Worldwide, elite judoka's are calculating the numbers. After all, the hunt for qualifying points for the Tokyo Olympic Games in 2020 is in full swing. The race to belong to the 18 best per category is ruthless, the struggle bitter.
Van Tichelt at the 2016 Tokyo GS

For three-time Olympian Dirk Van Tichelt, the quest for Olympic qualification is twice as tough ... or exciting. Depends how you look at it. The bronze (Rio 2016) 'Bear from Brecht', as he is nicknamed in Belgium, suffered a serious knee injury at the beginning of this year during the training camp in Mittersill, Austria. Just when the nine-time Senior Belgian Champion got back on track after a disappointing World Championship in Baku.

"It really went smoothly throughout training camp", says Dirk. "True, I can no longer pump up the volume as when I was a young man in my twenties, considering my age now. However, I have found a good balance and in Mittersill I have trained against top judokas who now take medals, like Orujov and Mogushkov. Strong randoris, good outcomes. Then you realize that you are gradually coming back into good shape. However, that last training session, the last randori even, it all went wrong. I did an ura-nage and wanted to throw my opponent so hard that I tore my own cruciate ligaments. At first I assumed it was not so bad. I just felt a short pain and I suspected only a strain. However, during the drive back to Belgium it got worse and worse, my knee started to swell and become unstable. Then you automatically realize that it is not kosher. The visit to the doc confirmed that of course. Verdict: torn cruciate ligaments."

Medal podium in Rio

A serious injury at the start of the year, not a good omen ... but Van Tichelt is not a quitter.

"After the Olympic Games in Rio, I finally decided for myself to continue for the next Olympic cycle, until Tokyo 2020, on condition that I continued to perform on a high level and not suffer from too many injuries," says Dirk. "Since the end of last year, I was back on track.
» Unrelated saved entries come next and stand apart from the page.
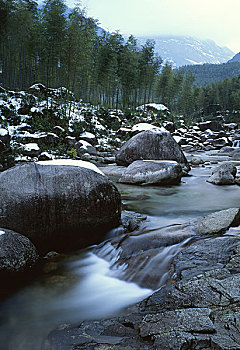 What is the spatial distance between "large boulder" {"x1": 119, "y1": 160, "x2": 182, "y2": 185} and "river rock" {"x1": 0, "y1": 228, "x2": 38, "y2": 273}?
224 inches

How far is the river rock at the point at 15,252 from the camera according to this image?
332 centimetres

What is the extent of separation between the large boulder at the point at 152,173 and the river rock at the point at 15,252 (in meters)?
5.68

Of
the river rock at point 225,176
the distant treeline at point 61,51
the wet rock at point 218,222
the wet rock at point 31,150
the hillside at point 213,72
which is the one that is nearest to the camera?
the wet rock at point 218,222

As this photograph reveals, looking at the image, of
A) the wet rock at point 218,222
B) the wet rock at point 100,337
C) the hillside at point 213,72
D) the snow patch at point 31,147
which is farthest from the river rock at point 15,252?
the hillside at point 213,72

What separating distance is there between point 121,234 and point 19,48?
29.9m

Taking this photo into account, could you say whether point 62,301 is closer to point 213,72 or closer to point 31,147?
point 31,147

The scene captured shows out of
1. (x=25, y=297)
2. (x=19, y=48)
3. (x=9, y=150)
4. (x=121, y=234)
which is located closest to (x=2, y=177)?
(x=25, y=297)

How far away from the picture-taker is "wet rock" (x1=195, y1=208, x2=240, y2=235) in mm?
4195

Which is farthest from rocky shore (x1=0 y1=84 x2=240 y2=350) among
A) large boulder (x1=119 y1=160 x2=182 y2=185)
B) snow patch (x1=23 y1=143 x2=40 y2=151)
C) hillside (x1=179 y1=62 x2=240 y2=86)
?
hillside (x1=179 y1=62 x2=240 y2=86)

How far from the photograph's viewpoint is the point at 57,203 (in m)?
4.06

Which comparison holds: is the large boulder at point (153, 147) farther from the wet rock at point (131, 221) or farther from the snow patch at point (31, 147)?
the snow patch at point (31, 147)

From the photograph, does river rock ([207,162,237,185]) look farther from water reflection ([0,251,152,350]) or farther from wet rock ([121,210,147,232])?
water reflection ([0,251,152,350])

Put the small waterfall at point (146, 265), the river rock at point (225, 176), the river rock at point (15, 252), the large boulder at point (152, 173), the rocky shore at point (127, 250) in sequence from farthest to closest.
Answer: the river rock at point (225, 176) < the large boulder at point (152, 173) < the small waterfall at point (146, 265) < the river rock at point (15, 252) < the rocky shore at point (127, 250)

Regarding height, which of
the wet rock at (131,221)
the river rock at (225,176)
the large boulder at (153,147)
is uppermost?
the large boulder at (153,147) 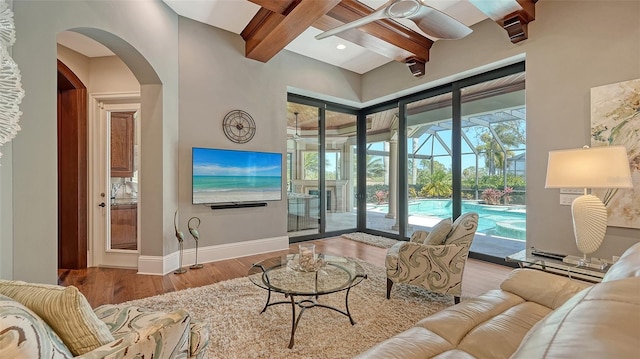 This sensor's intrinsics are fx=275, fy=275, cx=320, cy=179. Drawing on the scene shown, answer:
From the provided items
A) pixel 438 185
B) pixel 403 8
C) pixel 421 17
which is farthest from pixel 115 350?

Unfortunately, in the run-up to the Games I now have to deal with this serious injury, but since I am this close, I decided to go for it anyway. This injury motivated me even more to work hard for a comeback to the top. After all, I have always been free from serious injuries. Previously, I have never had surgery, for a judoka with such a long career yet exceptional. In short, this injury triggers me even more because I want to show the world that this setback will not get to me", Van Tichelt sounds combative.

One more challenge to deal with for the Olympic bronze medalist. "Getting back at my best level and then qualifying for the Games, that's my goal," says Dirk. "I have qualified three times in the past. Once on the Olympic tatami, anything can happen. I was close in Beijing. There I lost the fight for bronze. In London, the high expectations were a heavy burden on my shoulders. I had performed well in the run-up and that resulted in an expectation from everybody for winning a medal. The media buzz gave me a lot of stress. After all, the OG are so special, only every four years you can compete against the very best. The day of my fight, it all went wrong because of the stress. In Rio, on the other hand, I was completely relaxed and that's how it worked. The OG truly remain a special competition. Once qualified, you can have it all or not."

Van Tichelt in action at the 2017 Hohhot GP

Now, however, the knee injury causes an additional obstacle for Van Tichelt. With rehabilitation there is still a long way to go. Notwithstanding, the Olympian goes full throttle.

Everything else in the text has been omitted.